Collect instantiated template types at compile time

Question

Consider this snippet:

struct A {

  template <typename T> void bar(const T &) {
    /*
    I would like to write something like:
        if constexpr(type T already processed/T is already present in typelist)
        ...do something fancy
        else if constexpr(type T not processed/T is not present in typelist)
    */
  }
};

struct Msg1 {};
struct Msg2 {};

int main() {
  A a;

  a.bar(Msg1{});
  a.bar(Msg1{});
}

Demo

Is it possible to see at compile time for which types the method bar was already instantiated?

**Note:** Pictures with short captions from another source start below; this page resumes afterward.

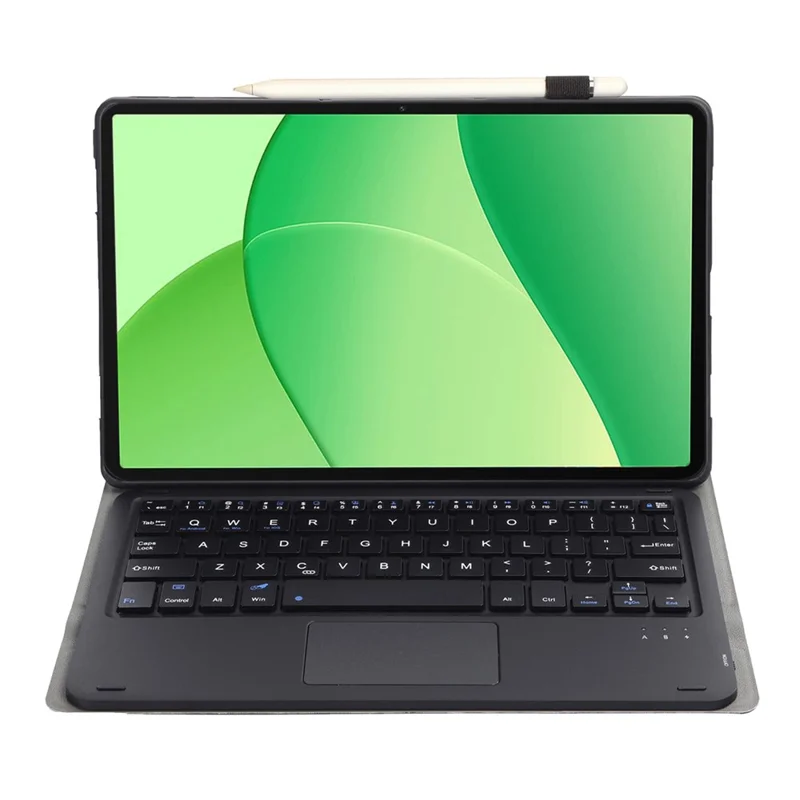OP17-A Para Oppo Pad SE Teclado Bluetooth Destacável Compatível com Touchpad Caso de Tablet de Couro
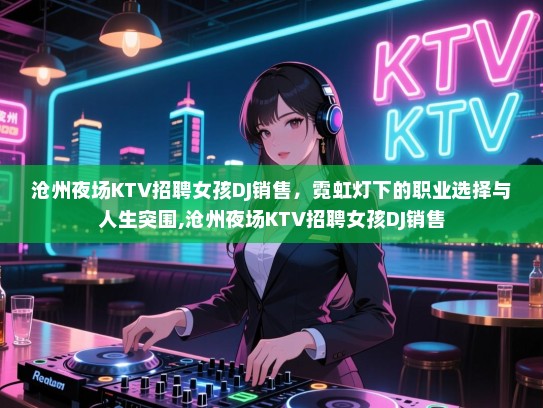 沧州夜场KTV招聘女孩DJ销售，霓虹灯下的职业选择与人生突围,沧州夜场KTV招聘女孩DJ销售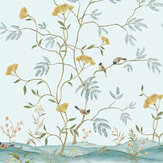 Mokusei Branch Mural - Sky - by Today Interiors
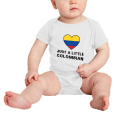 thumbnail image 2 of Just A Little Colombian Cute Baby Clothing Bodysuits For Boy Girl, 2 of 5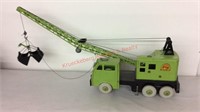 Marx toys mobile crane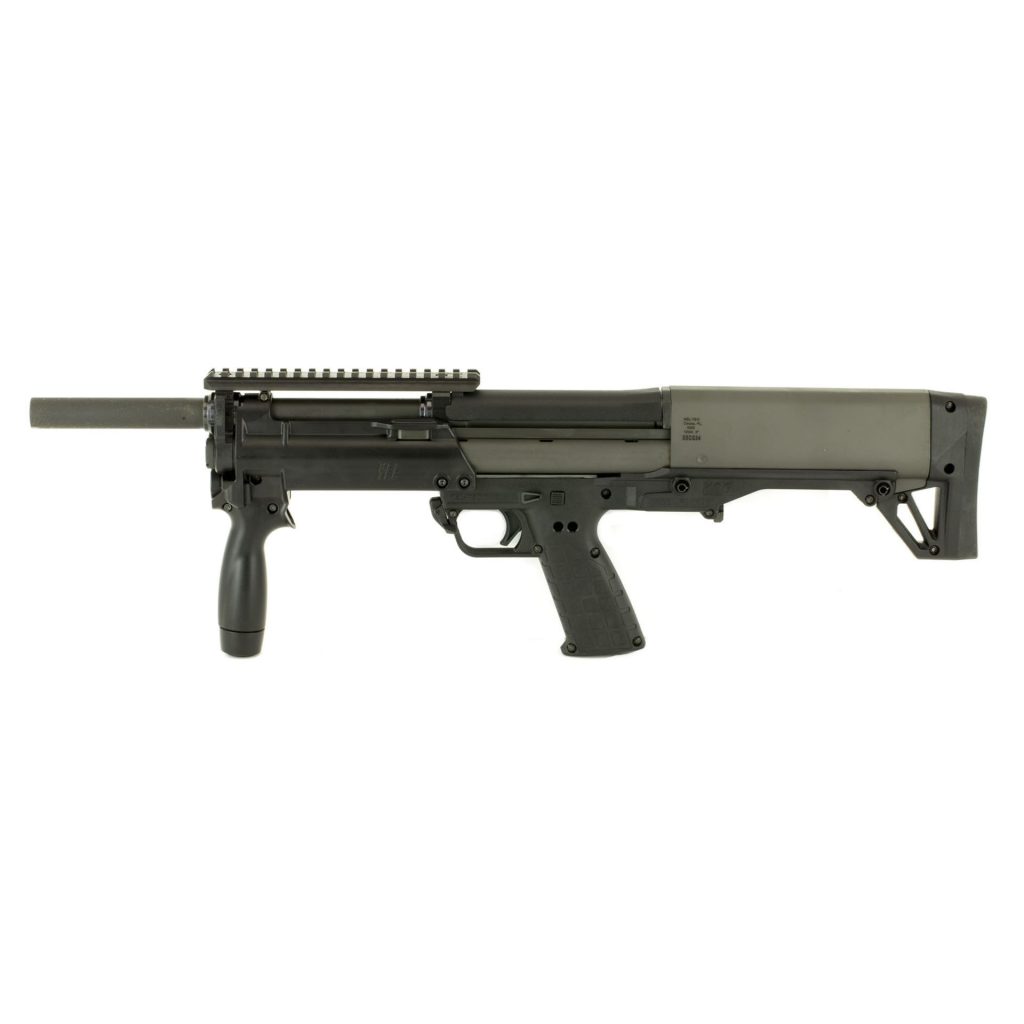 0011760 kel tec ksg compact green 12 gauge 3 185 barrel 4 round shotgun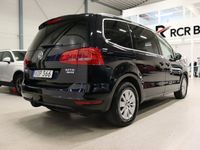 begagnad VW Sharan 2.0 TDI DSG Premium 7-sits D-Värm 140hk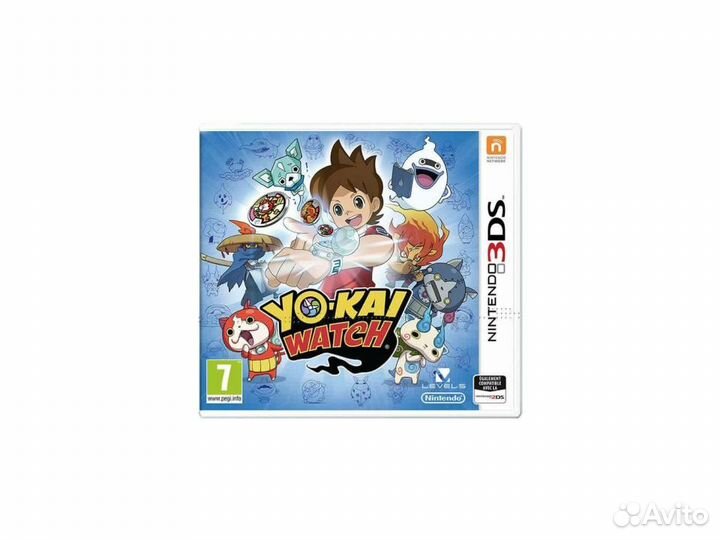 Yo-Kai Watch, б/у, английский (3DS)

Ideally, there would be some kind of growing typelist, where one can check at compile time for which types bar is already instantiated.

Answer 1

No. It is not possible to do so at compile time. However, it would be possible to do the following at runtime:

#include <typeindex>
#include <type_traits>
#include <unordered_set>
struct A {
    private:
    std::unordered_set<std::type_index> already_processed_ts;
    public:
    template<typename T>
    void bar(const T&){
        if(already_processed_ts.find(typeid(T)) != already_processed_ts.end())
            std::cout << "Already processed " << typeid(T).name() << std::endl;
        else{
            already_processed_ts.insert(typeid(T));
            std::cout << "Processing " << typeid(T).name() << "... \n";
        }
    }
}
struct Msg{};
int main()
{
    f(Msg{}); // Prints "Processing 3Msg..." (at least on my compiler)
    f(Msg{}); // Prints "Already processed 3Msg"

    return 0;
}